The 1943 compact agreement spelled out distribution of the Republican River's waters, with Nebraska getting 49 percent, Kansas 40 percent and Colorado 11 percent.
Monday's proposed settlement does not change those allocations but it takes into account the impact of wells on surface flows to assure compact compliance.
Pope said the detailed settlement included enforcement provisions that call for arbitration before lawsuits can be filed as well as monitoring, verification and formulas to avoid future disputes.
"We tried to protect ourselves as much as we could to avoid future controversies," he said.
Kansas filed its lawsuit in 1998, accusing Nebraska of allowing irrigators to divert more than their legal share of the river's water.

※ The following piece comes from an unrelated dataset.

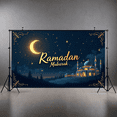 thumbnail image 5 of Ramadan Themed Banner with Crescent Moon Starry Night Background Mosque Elements Backdrop Party Decorations for Ramadan Celebrations Iftar Gatherings Family Parties Islamic Events Cultural Festivities, 5 of 8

Colorado was not part of the original lawsuit, but was later named as a defendant, said Ken Lane, a spokesman for Colorado Atty. Gen. Ken Salazar.
Nebraska had long argued that groundwater use is not regulated by the compact, and that it could pull its full allocation of river water plus the groundwater pumped by wells. Kansas argued that the thousands of wells connected to the river and its tributaries along the state's southern border affected the river's water flow.
Kansas Atty. Gen. Carla Stovall said the U.S. Supreme Court's decision not to dismiss the Kansas lawsuit, coupled with some unfavorable decisions to Nebraska by the special water master in the case broke the "log jam" that had prevented the settlement.
"It let Nebraska see the handwriting on the wall," Stovall said.
She credited Nebraska Gov. Mike Johanns for pushing his officials to settle with Kansas.
Kansas Gov. Bill Graves said the settlement avoids additional costly litigation while preserving and strengthening the Republican River Compact.
"I am pleased that a settlement has been reached by the parties in this case and that we now have a mutually accepted solution to water-use governance in the Republican basin," Graves said.
Nebraska and Colorado will pay no monetary damages as a result of the settlement. Kansas had once estimated that Nebraska might have to pay as much as $100 million in damages.
Stovall said the litigation never got to the point where damages were determined. She said she didn't know the cost of the lawsuit so far, but said it costs the state roughly $1 million per year to litigate a water case.
Graves and Stovall both credited Pope for the settlement. The states have been in negotiations for the past 14 months.
Some of the Kansas communities most immediately affected are in the lower part of the Republican basin, such as Clay Center and Concordia. But it will also impact communities such as Junction City and Topeka, Stovall said.
Kansas' lawsuit with Nebraska is the second such battle the state is waging with its neighbors over water. It also is fighting Colorado in the courts over water flows in the Arkansas River.
"Frankly, we are never going to stop fighting over water - it is a precious natural resource that there is not enough of to meet everybody's needs," Stovall said.